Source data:
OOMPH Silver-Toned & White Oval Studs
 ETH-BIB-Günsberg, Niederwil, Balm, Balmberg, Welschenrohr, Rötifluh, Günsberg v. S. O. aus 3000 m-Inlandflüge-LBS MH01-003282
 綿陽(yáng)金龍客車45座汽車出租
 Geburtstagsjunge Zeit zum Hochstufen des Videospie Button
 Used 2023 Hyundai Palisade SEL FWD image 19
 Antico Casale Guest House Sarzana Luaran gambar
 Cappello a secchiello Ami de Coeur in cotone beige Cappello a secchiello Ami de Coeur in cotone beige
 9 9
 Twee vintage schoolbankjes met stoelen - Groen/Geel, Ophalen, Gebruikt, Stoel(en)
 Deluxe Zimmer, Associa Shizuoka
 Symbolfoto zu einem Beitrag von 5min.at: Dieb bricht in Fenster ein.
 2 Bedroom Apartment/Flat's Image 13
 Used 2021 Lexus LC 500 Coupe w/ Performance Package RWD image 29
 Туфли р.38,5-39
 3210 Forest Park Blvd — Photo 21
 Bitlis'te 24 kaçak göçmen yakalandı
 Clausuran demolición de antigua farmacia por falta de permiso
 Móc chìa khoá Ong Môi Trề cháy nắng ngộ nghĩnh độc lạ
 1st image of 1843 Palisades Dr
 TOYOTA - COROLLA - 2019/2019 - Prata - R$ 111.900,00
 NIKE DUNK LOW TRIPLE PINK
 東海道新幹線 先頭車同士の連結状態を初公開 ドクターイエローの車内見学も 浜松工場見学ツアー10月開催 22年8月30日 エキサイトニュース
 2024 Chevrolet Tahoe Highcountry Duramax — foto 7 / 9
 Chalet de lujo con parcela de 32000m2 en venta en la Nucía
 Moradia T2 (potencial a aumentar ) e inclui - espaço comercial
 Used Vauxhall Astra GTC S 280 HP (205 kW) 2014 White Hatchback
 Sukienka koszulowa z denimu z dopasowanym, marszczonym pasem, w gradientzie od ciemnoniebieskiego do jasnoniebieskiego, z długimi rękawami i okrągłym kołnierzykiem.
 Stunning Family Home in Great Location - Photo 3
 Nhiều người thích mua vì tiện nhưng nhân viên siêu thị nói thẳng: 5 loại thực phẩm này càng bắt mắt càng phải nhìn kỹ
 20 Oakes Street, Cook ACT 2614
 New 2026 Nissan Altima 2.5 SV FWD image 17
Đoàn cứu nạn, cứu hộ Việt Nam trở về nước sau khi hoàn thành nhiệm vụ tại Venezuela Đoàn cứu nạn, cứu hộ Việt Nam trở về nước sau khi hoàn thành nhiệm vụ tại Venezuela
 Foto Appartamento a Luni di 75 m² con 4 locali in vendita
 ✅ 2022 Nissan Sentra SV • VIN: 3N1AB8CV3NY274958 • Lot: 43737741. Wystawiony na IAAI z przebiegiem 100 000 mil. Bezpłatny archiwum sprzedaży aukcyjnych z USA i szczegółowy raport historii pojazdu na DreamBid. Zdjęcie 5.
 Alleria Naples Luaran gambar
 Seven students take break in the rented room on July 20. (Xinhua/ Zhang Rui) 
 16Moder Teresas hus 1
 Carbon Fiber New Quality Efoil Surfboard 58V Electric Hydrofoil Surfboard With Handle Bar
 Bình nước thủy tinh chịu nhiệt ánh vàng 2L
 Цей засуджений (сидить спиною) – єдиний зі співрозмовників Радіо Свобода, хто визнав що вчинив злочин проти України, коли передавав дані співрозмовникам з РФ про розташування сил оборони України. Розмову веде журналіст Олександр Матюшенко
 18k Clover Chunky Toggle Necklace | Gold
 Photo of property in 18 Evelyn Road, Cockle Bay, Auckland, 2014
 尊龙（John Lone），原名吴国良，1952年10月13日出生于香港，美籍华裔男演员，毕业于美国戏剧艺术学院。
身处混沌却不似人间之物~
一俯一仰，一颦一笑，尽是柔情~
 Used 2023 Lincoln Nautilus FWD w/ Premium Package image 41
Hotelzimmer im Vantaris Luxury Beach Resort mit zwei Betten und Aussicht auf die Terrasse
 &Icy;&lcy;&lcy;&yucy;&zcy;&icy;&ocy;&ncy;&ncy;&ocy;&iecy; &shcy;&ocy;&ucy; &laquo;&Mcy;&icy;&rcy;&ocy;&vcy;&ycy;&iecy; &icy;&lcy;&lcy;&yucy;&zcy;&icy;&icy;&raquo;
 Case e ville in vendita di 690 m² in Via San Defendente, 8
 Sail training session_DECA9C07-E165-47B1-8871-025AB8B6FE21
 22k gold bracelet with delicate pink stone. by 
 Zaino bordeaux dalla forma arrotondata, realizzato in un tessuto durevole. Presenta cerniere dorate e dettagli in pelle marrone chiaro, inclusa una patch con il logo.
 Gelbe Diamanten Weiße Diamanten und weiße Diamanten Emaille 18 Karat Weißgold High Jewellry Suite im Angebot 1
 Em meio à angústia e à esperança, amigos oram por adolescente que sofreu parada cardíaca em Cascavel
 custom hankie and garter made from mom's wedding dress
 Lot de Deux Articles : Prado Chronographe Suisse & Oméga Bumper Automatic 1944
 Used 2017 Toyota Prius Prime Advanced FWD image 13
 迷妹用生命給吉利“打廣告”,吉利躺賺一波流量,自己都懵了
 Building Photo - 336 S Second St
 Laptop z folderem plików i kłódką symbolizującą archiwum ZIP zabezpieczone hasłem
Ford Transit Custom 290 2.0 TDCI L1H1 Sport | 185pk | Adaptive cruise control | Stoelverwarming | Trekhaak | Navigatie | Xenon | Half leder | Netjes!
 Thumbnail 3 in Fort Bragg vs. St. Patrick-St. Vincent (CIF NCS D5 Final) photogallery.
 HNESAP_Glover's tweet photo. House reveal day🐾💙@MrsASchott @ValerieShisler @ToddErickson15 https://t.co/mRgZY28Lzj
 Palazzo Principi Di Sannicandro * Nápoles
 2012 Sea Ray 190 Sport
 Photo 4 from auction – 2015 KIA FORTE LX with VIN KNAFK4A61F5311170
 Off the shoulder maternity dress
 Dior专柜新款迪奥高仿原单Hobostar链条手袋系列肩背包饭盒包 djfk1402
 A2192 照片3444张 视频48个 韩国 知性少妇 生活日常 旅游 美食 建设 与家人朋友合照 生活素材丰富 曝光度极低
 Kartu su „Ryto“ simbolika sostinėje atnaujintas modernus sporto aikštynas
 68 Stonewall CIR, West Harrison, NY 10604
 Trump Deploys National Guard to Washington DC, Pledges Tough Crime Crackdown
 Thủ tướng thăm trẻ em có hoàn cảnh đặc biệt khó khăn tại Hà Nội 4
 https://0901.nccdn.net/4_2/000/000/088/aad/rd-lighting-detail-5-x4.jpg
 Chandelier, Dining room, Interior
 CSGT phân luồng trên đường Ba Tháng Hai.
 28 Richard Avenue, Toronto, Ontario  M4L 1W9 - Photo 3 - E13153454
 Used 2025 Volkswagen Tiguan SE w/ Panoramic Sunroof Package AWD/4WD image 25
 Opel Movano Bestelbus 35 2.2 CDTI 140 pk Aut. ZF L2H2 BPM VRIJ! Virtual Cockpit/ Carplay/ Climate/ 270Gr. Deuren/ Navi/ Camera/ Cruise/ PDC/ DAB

WHAT YOU HAVE TO DO: In restating the data, begin at its first line, reproduce each line word for word, and conclude with the line that contains "Móc chìa khoá".

OUTPUT FOR THIS TASK:
OOMPH Silver-Toned & White Oval Studs
 ETH-BIB-Günsberg, Niederwil, Balm, Balmberg, Welschenrohr, Rötifluh, Günsberg v. S. O. aus 3000 m-Inlandflüge-LBS MH01-003282
 綿陽(yáng)金龍客車45座汽車出租
 Geburtstagsjunge Zeit zum Hochstufen des Videospie Button
 Used 2023 Hyundai Palisade SEL FWD image 19
 Antico Casale Guest House Sarzana Luaran gambar
 Cappello a secchiello Ami de Coeur in cotone beige Cappello a secchiello Ami de Coeur in cotone beige
 9 9
 Twee vintage schoolbankjes met stoelen - Groen/Geel, Ophalen, Gebruikt, Stoel(en)
 Deluxe Zimmer, Associa Shizuoka
 Symbolfoto zu einem Beitrag von 5min.at: Dieb bricht in Fenster ein.
 2 Bedroom Apartment/Flat's Image 13
 Used 2021 Lexus LC 500 Coupe w/ Performance Package RWD image 29
 Туфли р.38,5-39
 3210 Forest Park Blvd — Photo 21
 Bitlis'te 24 kaçak göçmen yakalandı
 Clausuran demolición de antigua farmacia por falta de permiso
 Móc chìa khoá Ong Môi Trề cháy nắng ngộ nghĩnh độc lạ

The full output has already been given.